First Week of Udacity Deep Learning Nanodegree
On a whim I thought it would be a great idea…
I studied pure and applied math at Uni but never really got a chance to use it in the real world (went directly into more a CompSci job), but ever since I started reading some articles all the way back in 2004 I have had a keen interested in the AI/ML field.
Deep Learning has gone through many summers and winters to get where it is today but two key things happened to allow for this explosion in research firstly due to the overwhelming power of computers and the associated reduction in cost (thanks AWS) Deep Learning research and development can be done by anyone — this is really opening up the field to anyone with an internet connection and open mid.
Secondly — we are generating substantially more and higher quality data then we ever have, this means the amount of data available for researches and developers to train their neural networks with has grown hugely, of course a lot of that data isn’t publicly available (social networks, utilities, banks, governments hold huge untapped potential data sources).
In the past week the focus has been on getting the basic concepts and math right and getting our workstations setup (conda, tensorflow, numpy and a bunch of other dependencies)

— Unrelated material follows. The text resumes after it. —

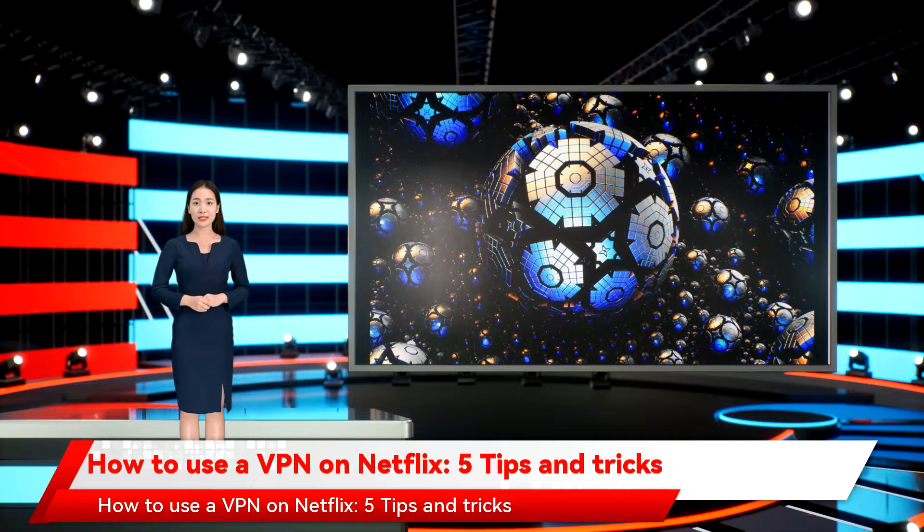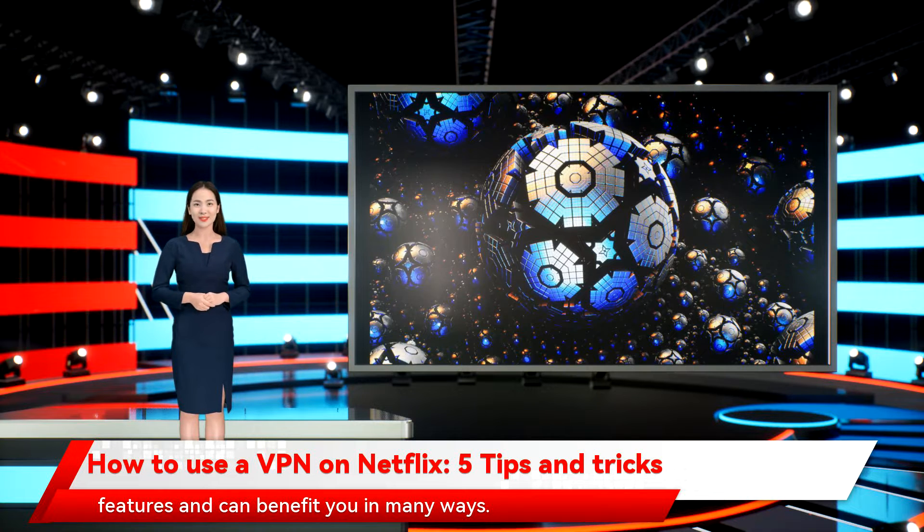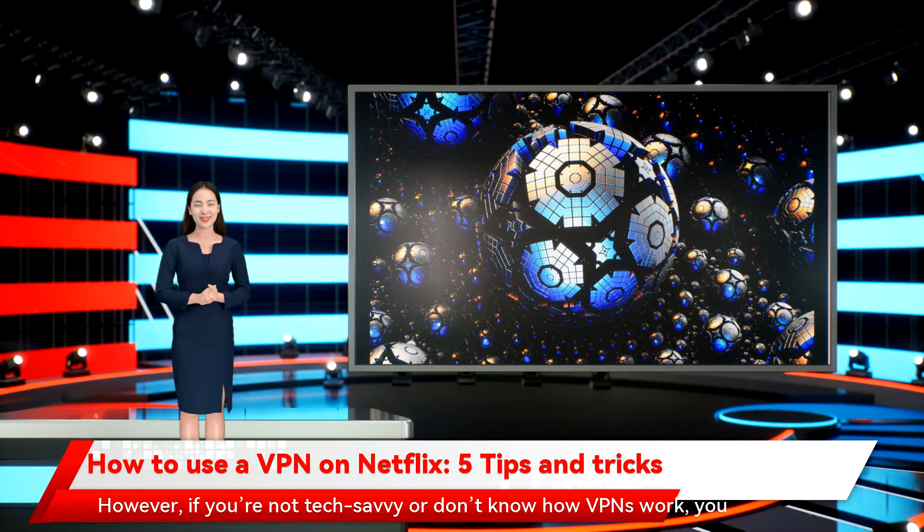How to use a VPN on Netflix: five tips and tricks. It's no secret that using a VPN on Netflix can unlock a whole array of features and can benefit you in many ways. However, if you're not tech-savvy or don't know how VPNs work, you might be confused about how to unlock these features.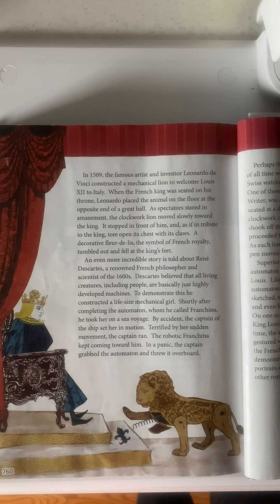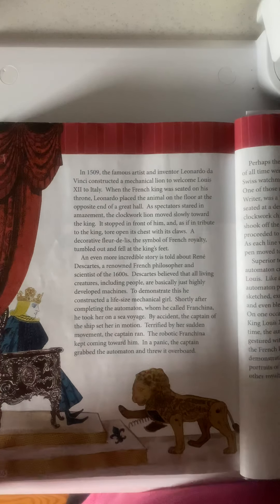An even more incredible story is told by René Descartes, a renowned French philosopher and scientist of the 1600s. Descartes believed that all living creatures, including people, are basically just highly developed machines. To demonstrate this, he constructed a life-sized mechanical girl. Shortly after completing the automaton, whom he called Francina, he took her on a sea voyage. By accident, the captain of the ship set her in motion. Terrified by her sudden movement, the captain ran. The robotic Francina kept coming toward him. In a panic, the captain grabbed the automaton and threw it overboard.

Although the content has been good, I feel a few more examples really would have helped esp with the math of neural networks — thankfully plenty of content exists on the internet and I’m curating a github repo with links out to all the content I found useful. I also intent to publish my jupyter notebooks up on github with my learning on different areas.
I have some personal projects in mind I want to toy around with but I’m keen to move on to the Self Driving program after this (although I intend to build a mini self-driving car in between just to toy around with).